In 2011, Verb T formed a group with artists Fliptrix, Leaf Dog and BVA MC, known as The Four Owls. The lead single Not Like Before and following album Nature's Greatest Mystery have seen The Owls touring solidly in the UK throughout 2012 with DJ Madnice. The Verb T album Morning Process (Waking Up) was released in September 2012 on High Focus Records.

Verb T's first self produced album I Remain was released in 2013 on High Focus Records.

The Four Owls released an album in 2015 called The Natural Order which featured the well-known US producer DJ Premier.

In 2018, Verb T and Pitch 92 created four original tracks for the programme Just Another Immigrant which aired in the USA on Showtime and in the UK on Sky Atlantic starring Romesh Ranganathan.

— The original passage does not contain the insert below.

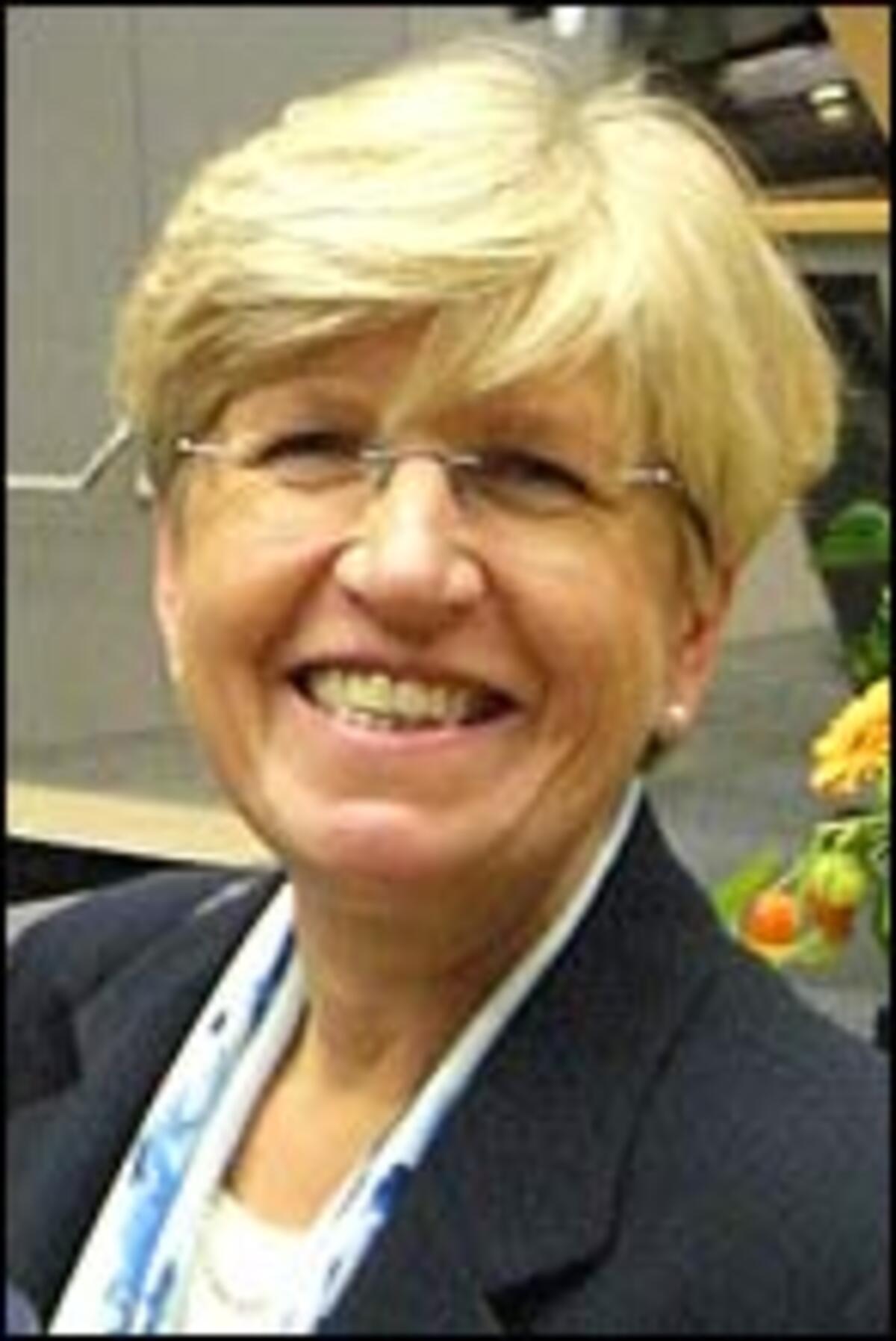 Dr. Ingrid Federl (50) wird neue Ärztliche Direktorin am LKH Steyr. Der Vorstand der gespag hat Ingrid Federl MSc. zur neuen hauptamtlichen Ärztlichen Direktorin am LKH Steyr bestellt. Diese Bestellung erfolgt vorbehaltlich der Zustimmung des gespag-Aufsichtrates.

In the same year Verb T and Pitch 92 also composed and performed the title track for the Sky One sitcom The Reluctant Landlord.

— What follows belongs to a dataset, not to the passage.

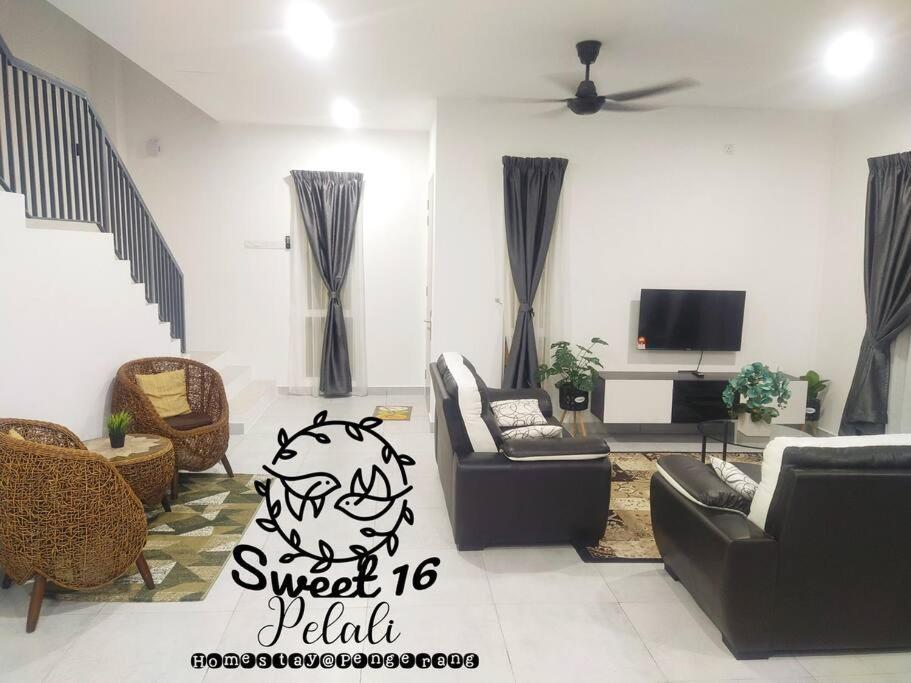 Sweet 16 Pelali Homestay Pengerang Extérieur photo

In 2019, the second series of Reluctant Landlord was released and in addition to the title track, Verb T and Pitch 92 created original music used throughout the series and in the Christmas Special which aired on 23 December 2019 on Sky One.

==Releases==
- The single Ill Lyrical Behaviour (Apeman records)
- The single Showbitchness (Low Life Records)
- The EP Backhand Slap Talk / Technical Illness 2004 (Low Life Records)
- The EP I'm Not That Guy 2005 (with Juice) (Pepa Records)
- The single Delusion (Silent Soundz)
- The LP Bring It Back To Basics 2006 (with Harry Love) (Silent Soundz)
- The single Satisfied (Silent Soundz)
- The LP Broken Window 2005 (with The Last Skeptic) (Silent Soundz)
- The LP Verbs with a Vengeance 2008 (Thomas Records)
- The LP Serious Games 2010 (Ynr Productions)
- The EP Self Ish 2011 (High Focus Records)
- The EP Self Less 2011 (High Focus Records)
- The LP Nature's Greatest Mystery (as part of The Four Owls) 2011 (High Focus Records)
- The EP More Dynamite 2012 (High Focus Records)
- The LP Morning Process (Waking Up) 2012 (High Focus Records)
- The LP I Remain 2013 (High Focus Records)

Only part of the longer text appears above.